Prompt: Make an exact copy of the entries below and leave any picture out of it.

Stored dataset items:
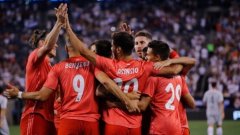 Двубоят закъсня с повече от половин час заради буря, но все пак се проведе, а футболистите на Реал играха за първи път с новия си червен трети екип.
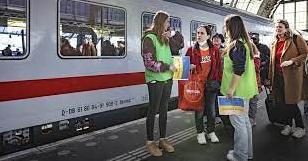 Статья Из Перемышля в Запорожье запустят новый поезд для возвращения беженцев в Украину Утренний город. Крым
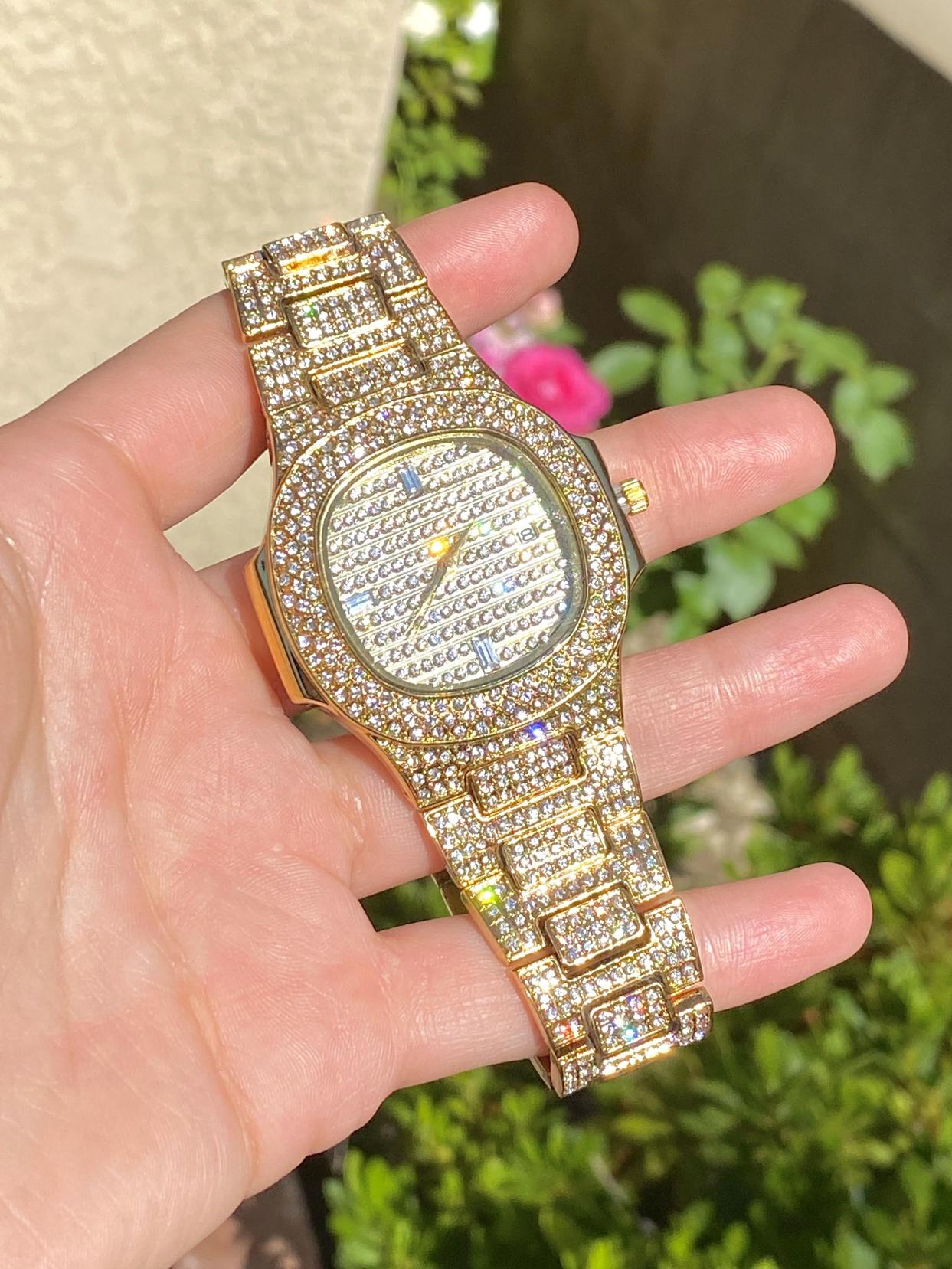 Gold iced-out watch with grid pavé dial and bracelet in gift box – luxury streetwear timepiece
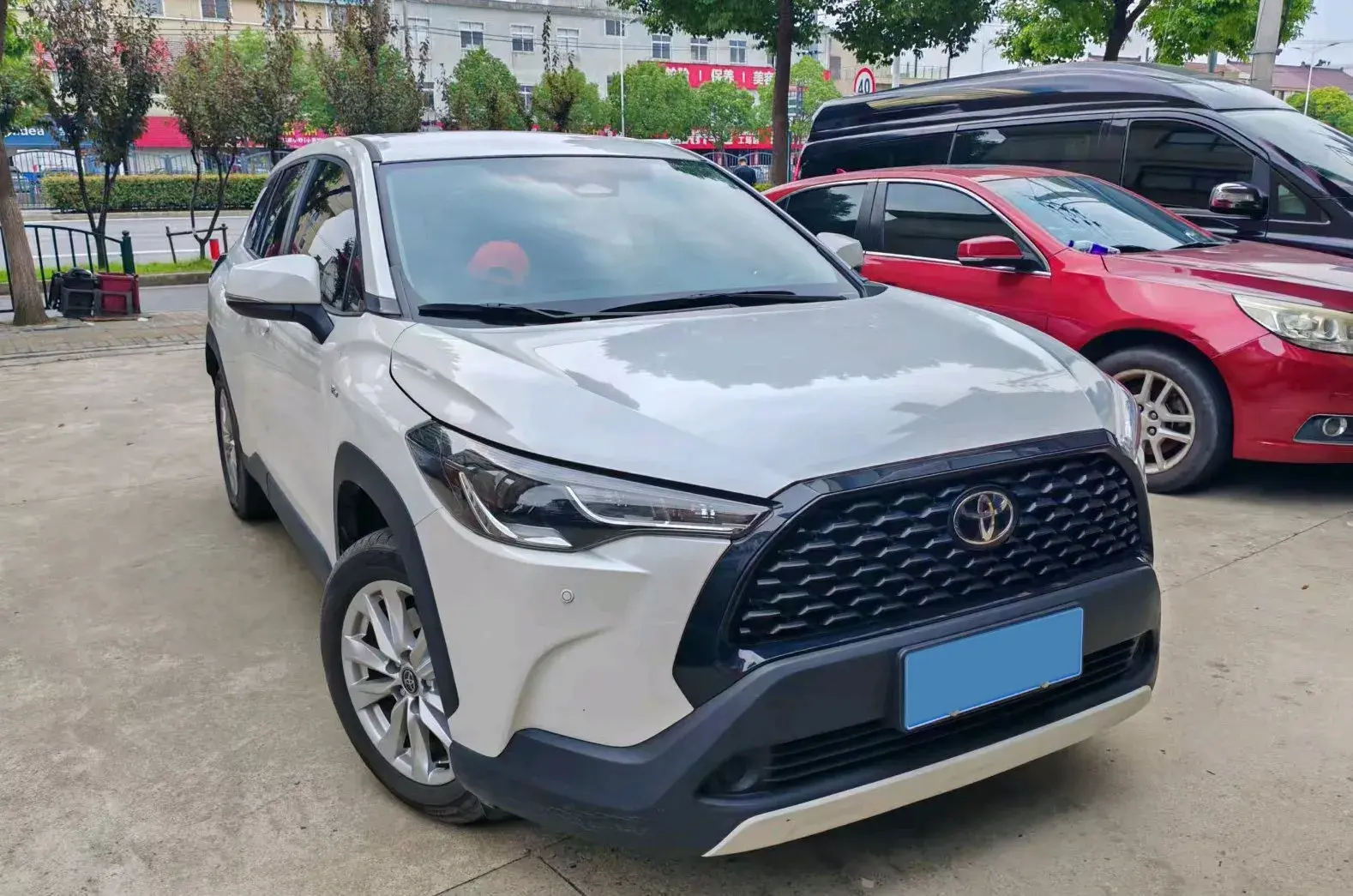 2024 TOYOTA COROLLA thumbnail 2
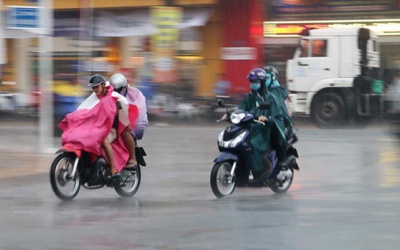 Dự báo thời tiết: Mưa lớn ở Trung Bộ, Nam Bộ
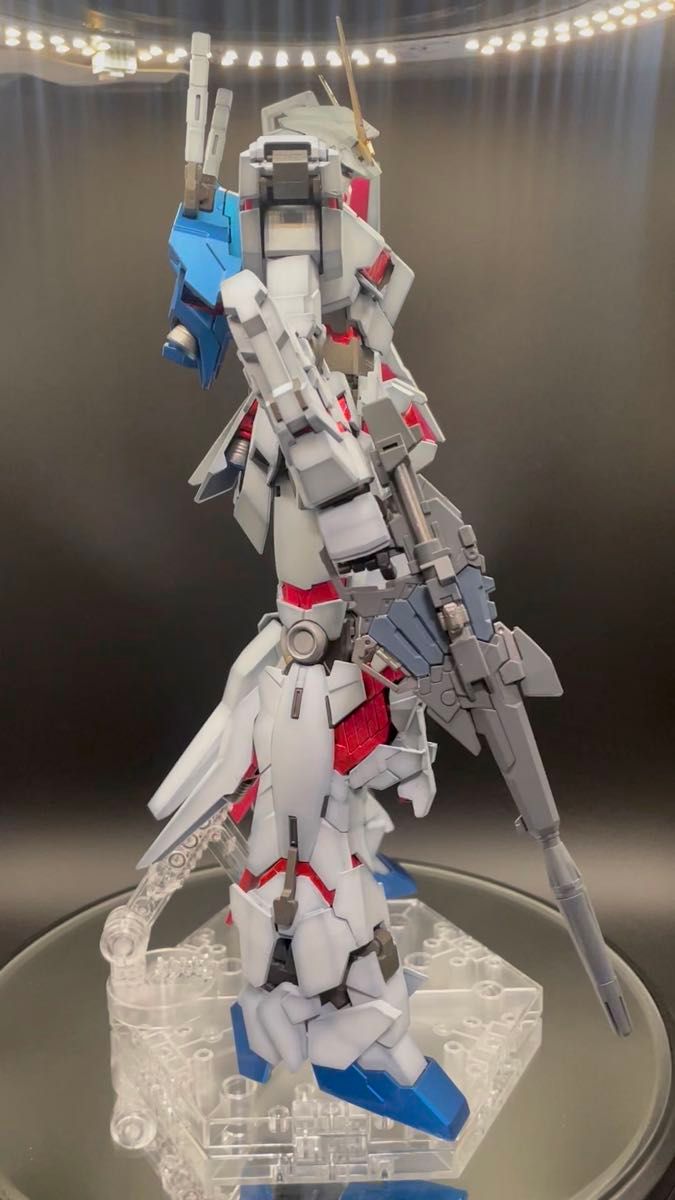 ガンプラ MG 1/100 ユニコーンガンダム 全塗装品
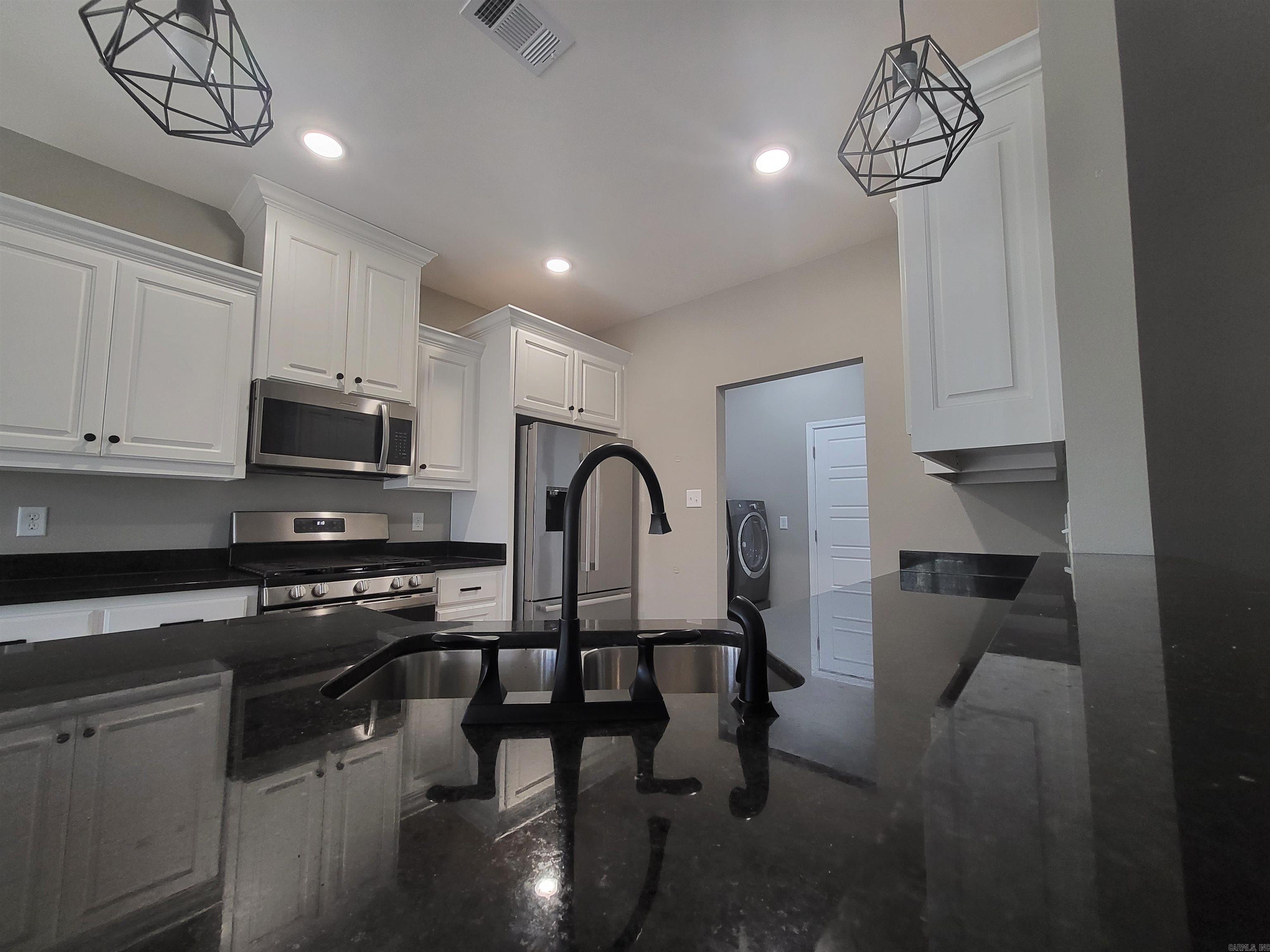 DEEREWOOD - Residential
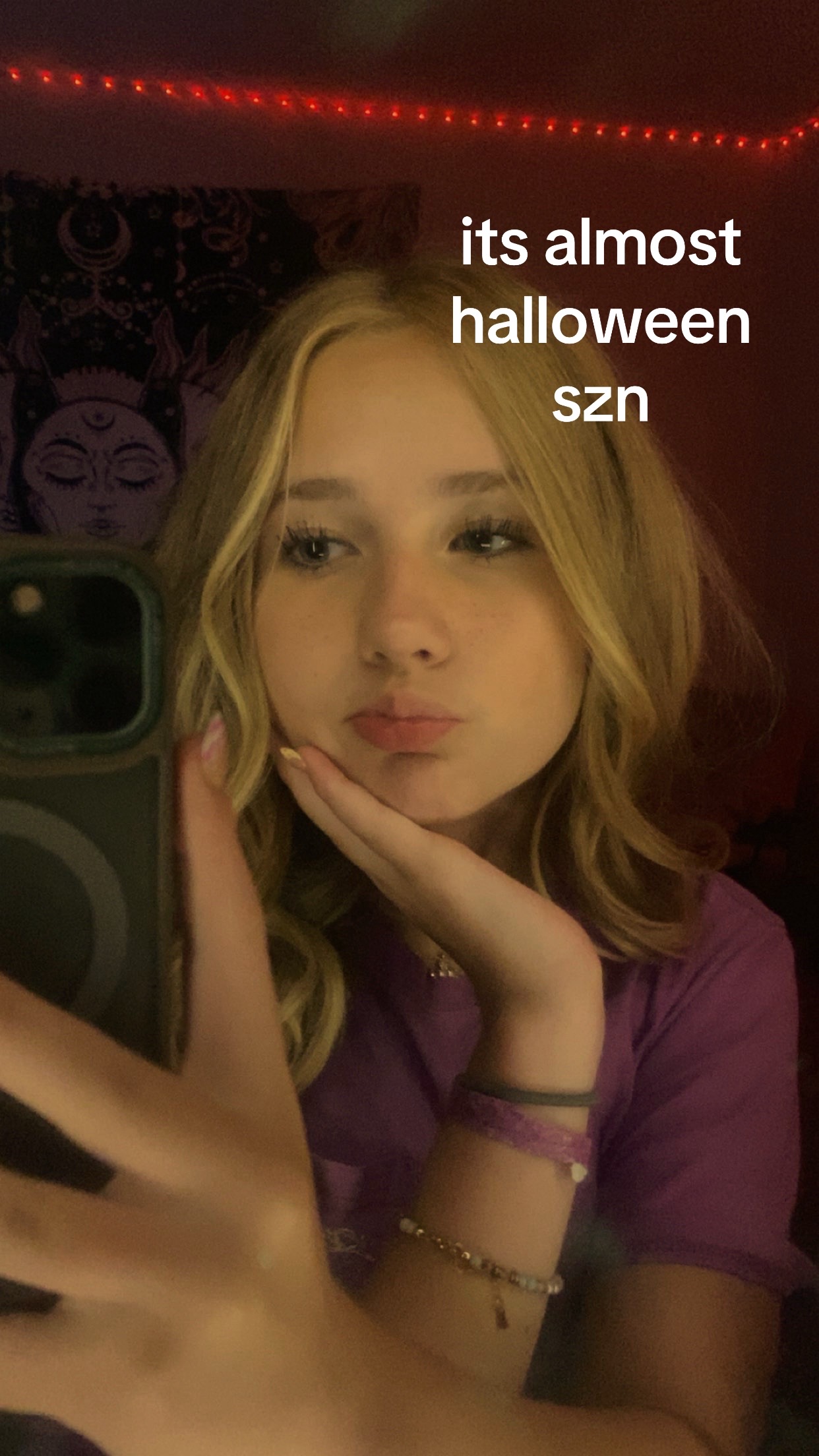 @anna メ𝟶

Written answer:
 Двубоят закъсня с повече от половин час заради буря, но все пак се проведе, а футболистите на Реал играха за първи път с новия си червен трети екип.
 Статья Из Перемышля в Запорожье запустят новый поезд для возвращения беженцев в Украину Утренний город. Крым
 Gold iced-out watch with grid pavé dial and bracelet in gift box – luxury streetwear timepiece
 2024 TOYOTA COROLLA thumbnail 2
 Dự báo thời tiết: Mưa lớn ở Trung Bộ, Nam Bộ
 ガンプラ MG 1/100 ユニコーンガンダム 全塗装品
 DEEREWOOD - Residential
 @anna メ𝟶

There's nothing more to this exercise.